People associate repeating grades with disastrous consequences. But in the Middletown City School District, the kindergarten repeaters often end up ahead of their peers in later grades — standout students who avoided getting forever labeled as performing “below expectations.” They’ve had the extra instruction they needed, when they needed it. The district has worked to remove the stigma of being “slow,” and has stopped moving children in lockstep through school in grade bands defined by age. They now focus on each child’s individual needs.
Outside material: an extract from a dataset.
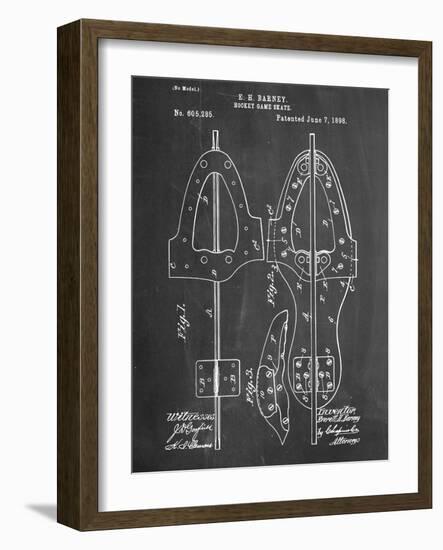 Hockey Skate Patent-null-Framed Art Print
“We have proven the fact that all children can learn — and can learn well — under the right instructional circumstances,” said Kenneth W. Eastwood, the district’s superintendent.
About a decade ago, leaders in this public school district nearly 70 miles northwest of New York City decided to radically change the way they provide education to its diverse and academically challenged student body. They decided to “personalize” learning for every child, which means that they tailored lessons to each student’s needs, interests and learning pace. They gave each student access to technology that helps teachers customize their lessons. And they ended social promotion, so that struggling students are no longer shuttled along to the next grade level simply to keep them with the herd of similarly aged classmates.
The shift has coincided with improved test scores and graduation rates.
“I am overwhelmed with joy for my students because I know now they each stand a better chance of being a successful student,” said Regina Trout, who teaches the second-year kindergarteners at Maple Hill Elementary School in Middletown. “When they come to me knowing zero letter recognition — some might not even be able to recognize their own name. And at the end of the year, to just see their growth … I start to get teary.”
And it would not be possible, Trout said, without small-group instruction and the assistance of classroom technology that helps her deliver a custom-fit lesson for each student.